Your objective:
Exclude the pictures, then repeat exactly each line from the one containing "Mobile Screenshot of blog.pauked.com" to the final line of the records that follow.

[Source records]
****************************************

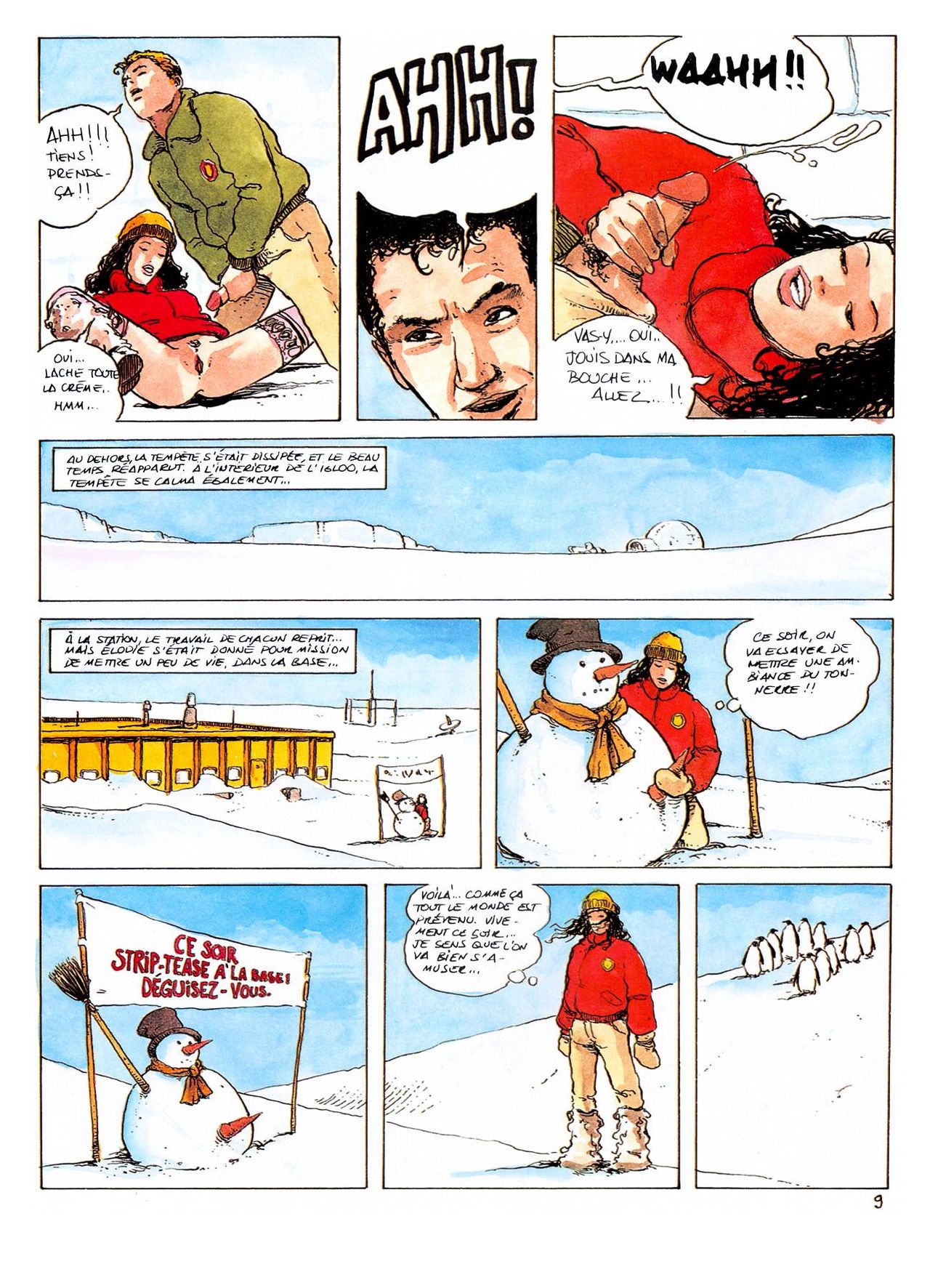 Chaleurs Antarctiques page 9 full
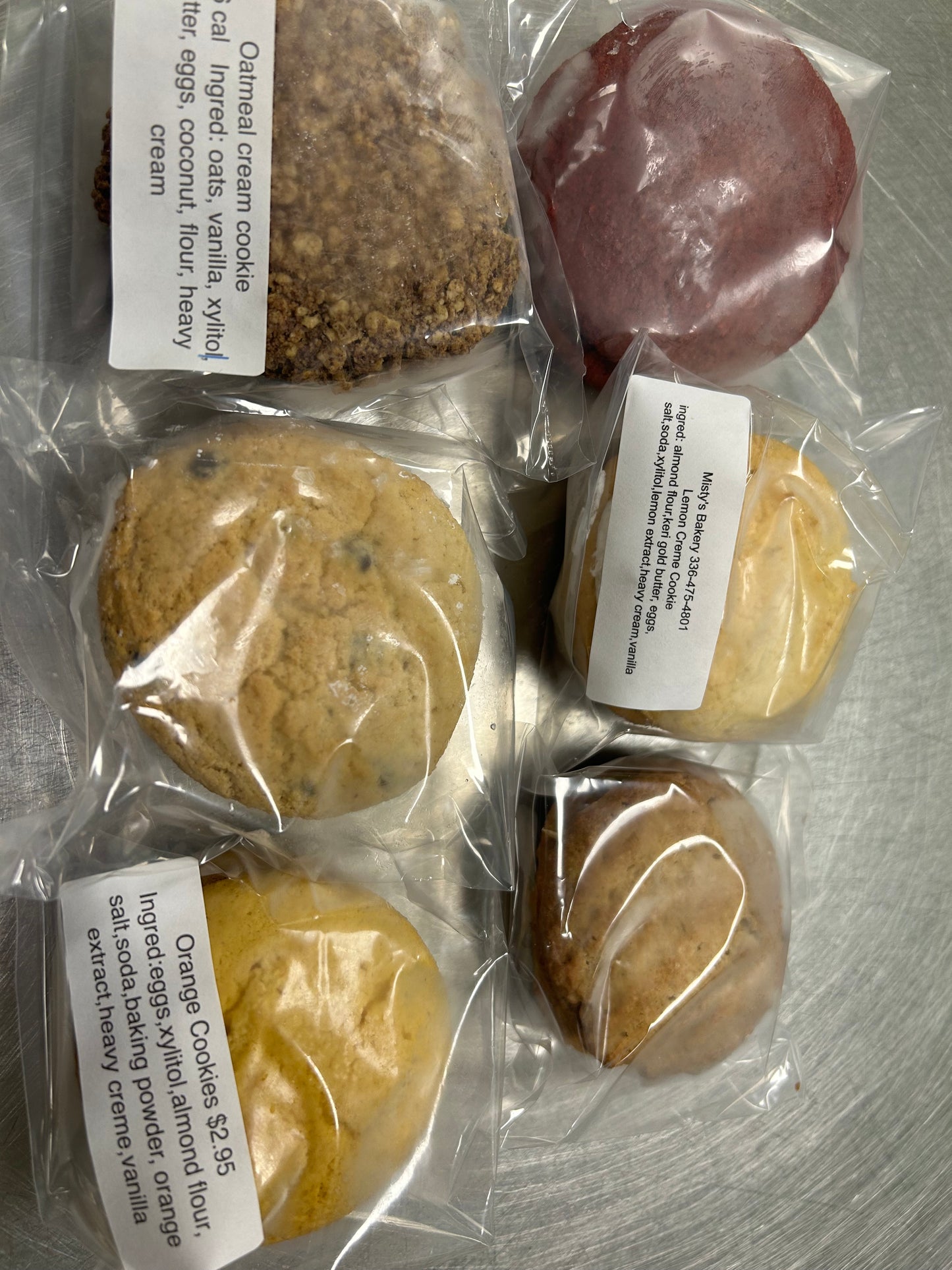 Filled Cookies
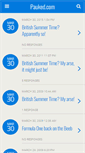 Mobile Screenshot of blog.pauked.com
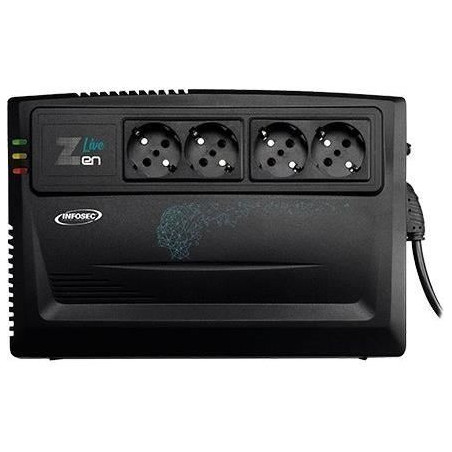 INFOSEC Zen Live 800 - Onduleur Line Interactive 800 VA 149,99 €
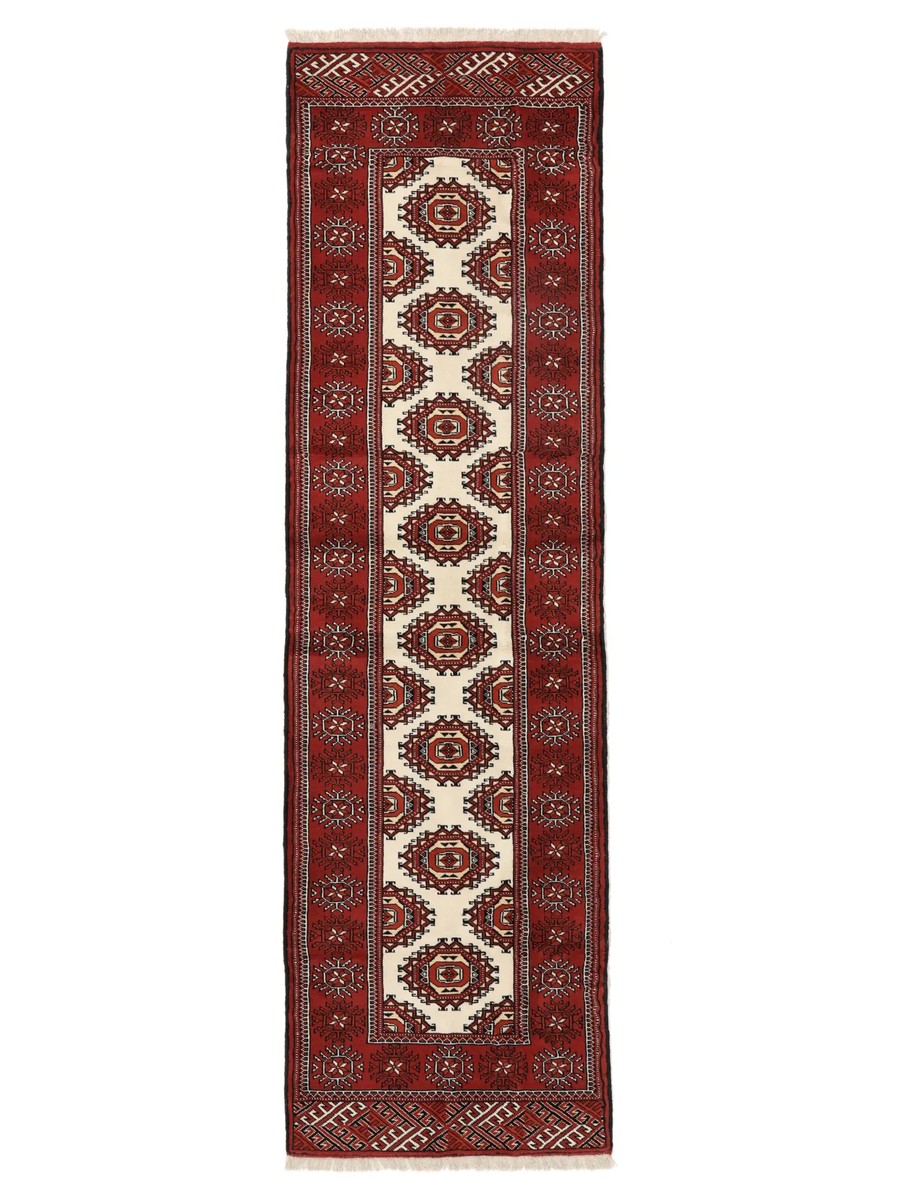 86x291 см, Иран, Восточные, Wool, жёлтый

****************************************

Task solution:
 Mobile Screenshot of blog.pauked.com
 INFOSEC Zen Live 800 - Onduleur Line Interactive 800 VA 149,99 €
 86x291 см, Иран, Восточные, Wool, жёлтый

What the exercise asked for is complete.